I don't expect the community will adopt other languages at a large scale. My hope, though, is that more of these algorithms move to real distributed processing systems like Spark, to take advantage of all the great ideas in systems like that. But genomics will continue to trail the leading edge by about 20 years for the foreseeable future.
The workflows I deal with generally involve moving hundreds of terabytes of storage into memory, processing it, and writing it out. Single machines (even beefy ones) tend to hit their limits (networking, max RAM, cache size, TLB, etc).
Maybe there's another tool better than spark, i don't know, the important thing is that spark is the most ubiquitous.
[1]https://databricks.com/wp-content/uploads/2018/08/SSE15-40-D...
ADAM is a genomics analysis platform with specialized file formats built using Apache Avro, Apache Spark, and Apache Parquet. Apache 2 licensed.
A pitch most people doing applied bioinformatics won’t understand/appreciate.

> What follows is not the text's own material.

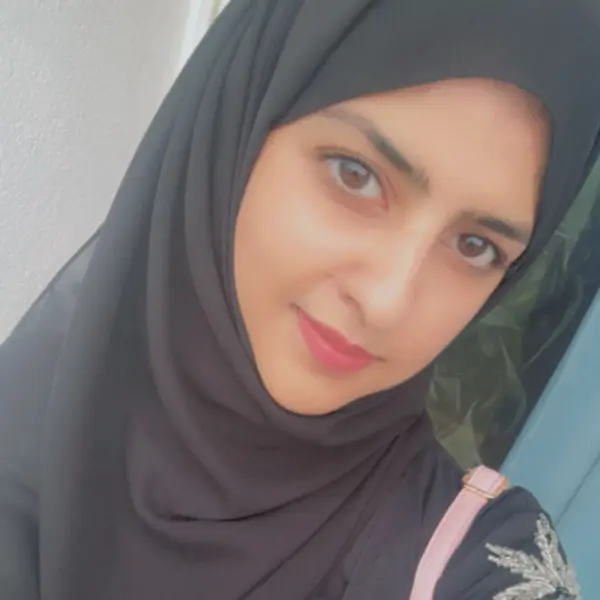 ألماس نسيم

Will this be available via conda? And how would seq integreate with Snakemake, since that is also based on Python?
It seems to me there is a huge demand for making Python faster, whether it be via making a more optimisation friendly subset, or ideally throwing engineering talent into improving the interpreter.
V8 shows this can be done with highly dynamic Javascript. I guess we need a big corporate sponsor or the community to fund some positions.
It's kind of crazy how few developers are working on optimising cPython, it may even be a worth it for environmental reasons.